[Provided information Boundary: Start]

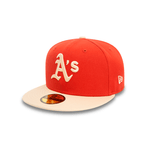 NEW ERA 59FIFTY MLB OAKLAND ATHLETICS SIDE PATCH COLLECTION GORRA CERRADA ROJA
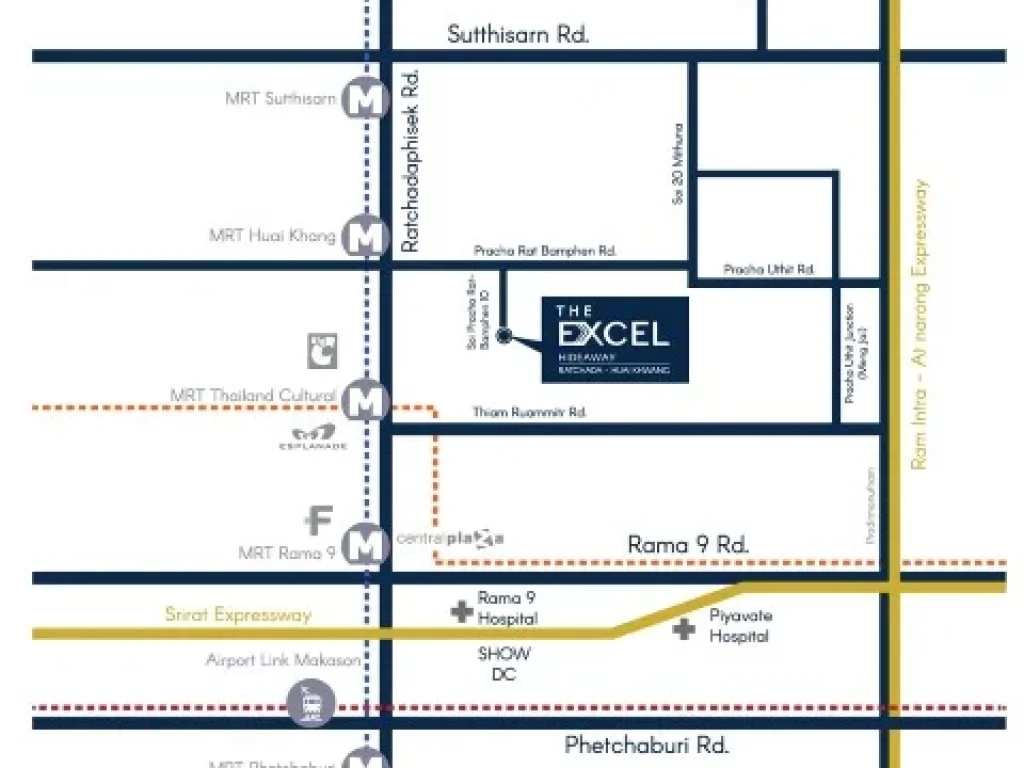 CM02966 ขายดาวน์ คอนโด ดิ เอ็กเซล ไฮด์อะเวย์ รัชดา-ห้วยขวาง The Excel Hideaway Ratchada-Huai Khwang คอนโด ซอยประชาราษฎร์บำเพ็ญ 10
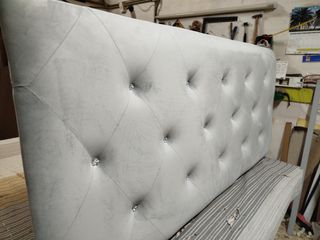 Cabeceros rombos terciopelo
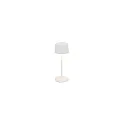 LED Akku-Tischleuchte OLIVIA MICRO, 2,2W, 2200/2700/3000K, 183/187/225lm, CRI>80, IP65, dimmbar, weiß/matt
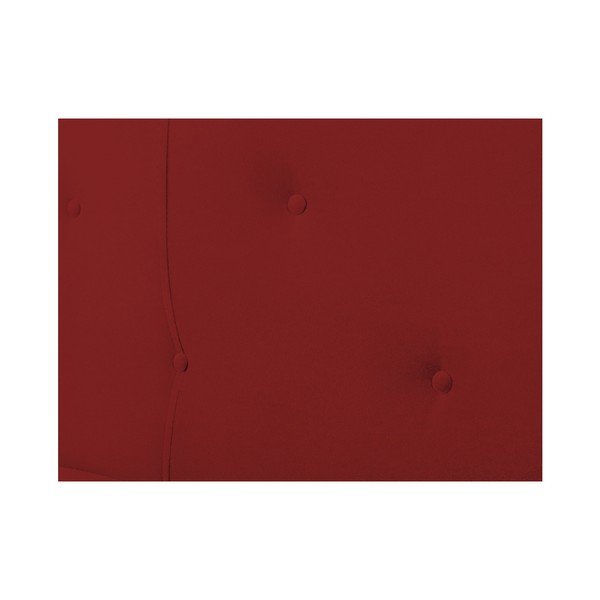 Červená pohovka Kooko Home Love, 125 cm-image-3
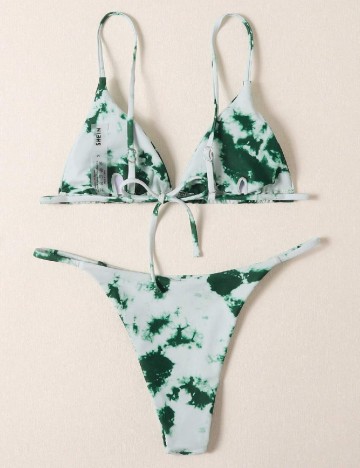 Costum de baie SHEIN, verde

[Provided information Boundary: End]

• What to do
Please print every record exactly as written, without the pictures.

• Solved problem
 NEW ERA 59FIFTY MLB OAKLAND ATHLETICS SIDE PATCH COLLECTION GORRA CERRADA ROJA
 CM02966 ขายดาวน์ คอนโด ดิ เอ็กเซล ไฮด์อะเวย์ รัชดา-ห้วยขวาง The Excel Hideaway Ratchada-Huai Khwang คอนโด ซอยประชาราษฎร์บำเพ็ญ 10
 Cabeceros rombos terciopelo
 LED Akku-Tischleuchte OLIVIA MICRO, 2,2W, 2200/2700/3000K, 183/187/225lm, CRI>80, IP65, dimmbar, weiß/matt
 Červená pohovka Kooko Home Love, 125 cm-image-3
 Costum de baie SHEIN, verde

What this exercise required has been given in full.